14 Aug 2010 7:00 AM
Children wearing Halloween costumes poured into the racecourse on Friday the 13th to put the whammy on triskaidekaphobia. Meanwhile, the topic of uniforms was discussed from one end of the grandstand to the other.
On Thursday, NYRA told the white caps that they’re no longer permitted to wear decorative pins on their red vests. No ban on pins was reported for members of TOBA, Jockey Club, TRA or the NTWA. In addition, free admission is granted to wearers of 16 different pins.
The members of industry organizations consider the pin a part of their uniform. But Kimberly Justus, who’s in charge of guest services, says the uniform of white caps is limited to a red vest, white collared shirt, black bow tie and black pants. Decorum, in this case, has caused controversy.
“When a person sees a white cap, I want a solid uniform look,” Justus said. “They’re junking up their uniforms,” she said of the pins that they wore. A guy manning a section in the grandstand wore more pins than Petreaus wears medals.
Pins or no pins, Justus is justified in demanding the white caps dress presentably. In recent years, the get-ups that some had assembled weren’t suitable for meeting the public. Even after the no-pin edict, a few white caps are wearing their collars unbuttoned, clip-on bow ties dangling from one end, with the tails of their shirts sticking out.
“The pins gave me a connection to my customers that I’m going to miss,” countered a distraught employee of many years. “If I’m not wearing my pins, how are people going to know to give me one?” she asked. Unresolved is the question of whether or not the pink breast cancer ribbons that employees were given to wear are permitted. One fan from Troy, NY said, “The pins are a way for them to express themselves.

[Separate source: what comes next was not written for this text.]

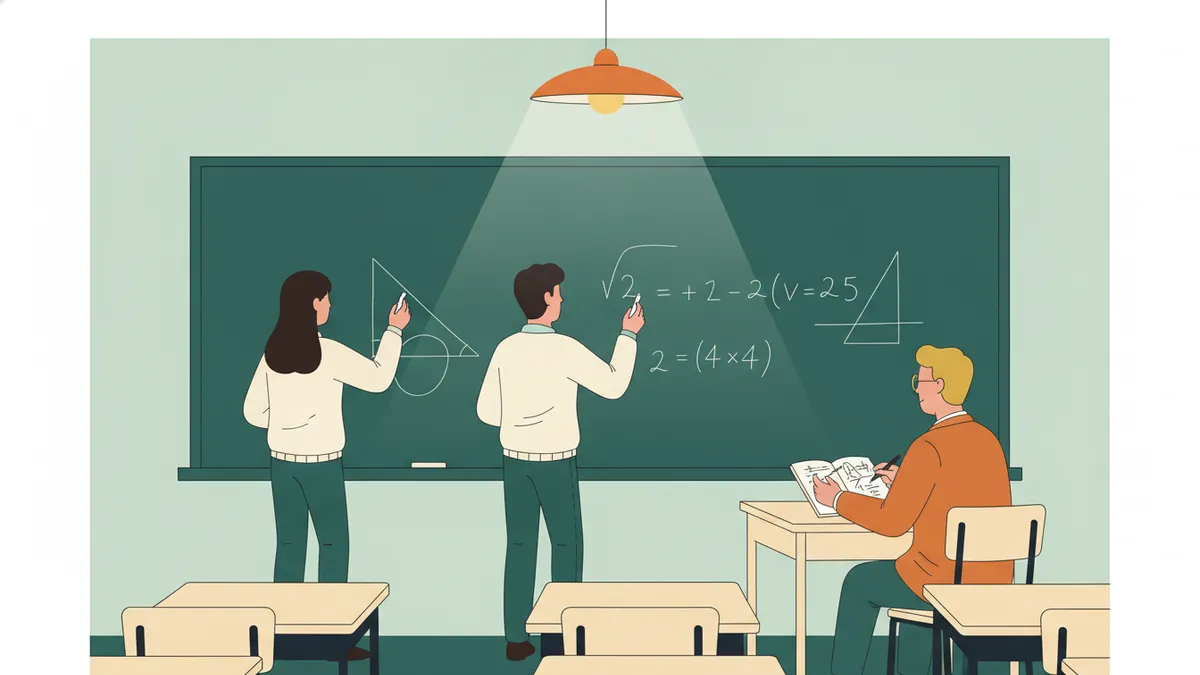 Trois étudiants résolvent un exercice de maths au tableau pendant que leur professeur les écoute en prenant des notes.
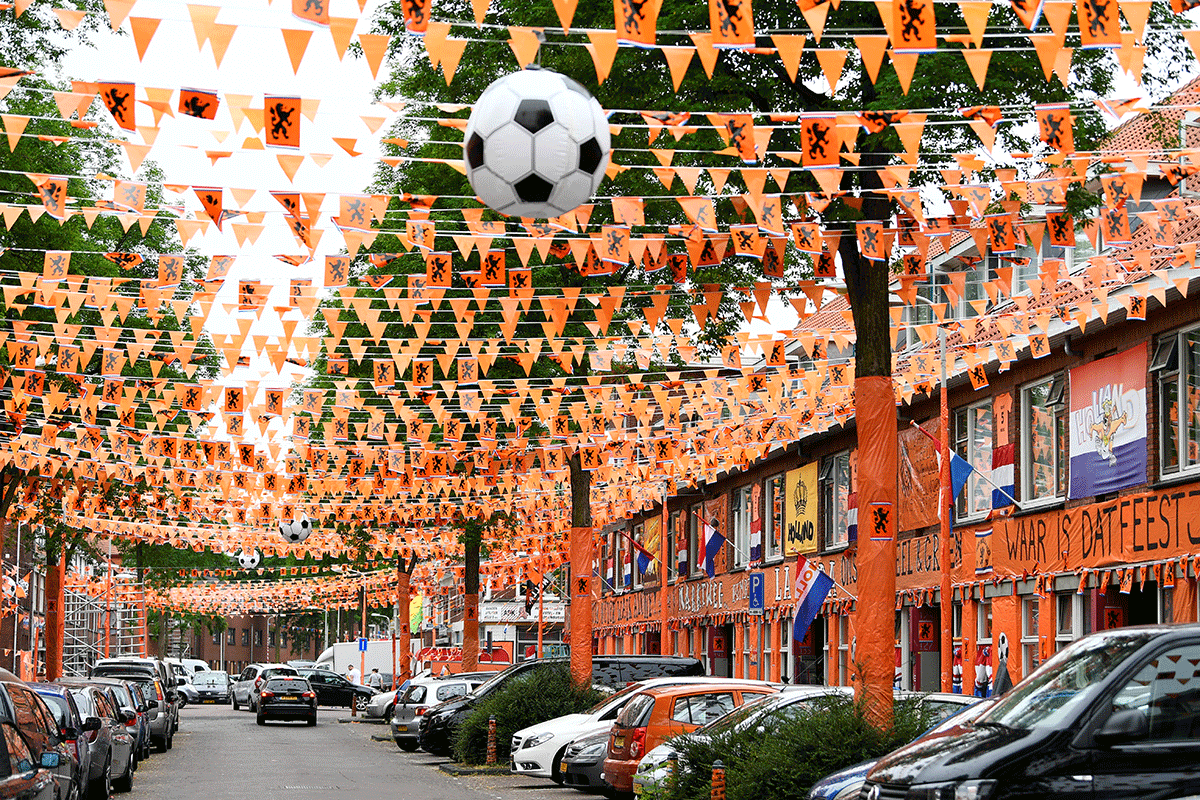 The Marktweg is decorated in orange for the Euro 2020 football championships, in The Hague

I thought that’s okay in America.”
As usual, several speakers at the morning’s Hall of Fame induction ceremony expressed themselves a little longer than necessary. The Racing Museum team did its typical first-rate job at making the event a must-attend. But if you ask what the program’s highlight was, the answer would be Jill Baffert’s pink halter top.
Husband Bob displayed genuine appreciation for his recent election. Each time he appears on behalf of the sport, he arrives with a breath of fresh air. Randy Romero got the biggest hand – a standing ovation, in fact. Only four of the speakers shed tears or became choked up.
Friday’s sixth and seventh races illustrated why turf racing is popular. The Shug McGaughey-trained Air Support, a son of Smart Strike, won a 1-1/16 mile maiden race by a nose at 3-1. Then Interactif, conditioned by the meet’s leading trainer Todd Pletcher, took the $150,000 Gr.2 National Museum of Racing and Hall of Fame Stakes by a slimmer margin.
Two Hall of Fame trainers won races. McGaughey and D.Wayne Lukas met runners they trained in the winner’s circle.
Vic Zast has attended at least one day of racing at Saratoga in each of the last 47 years. He is the author of the award winning book, “The History and Art of 25 Travers.”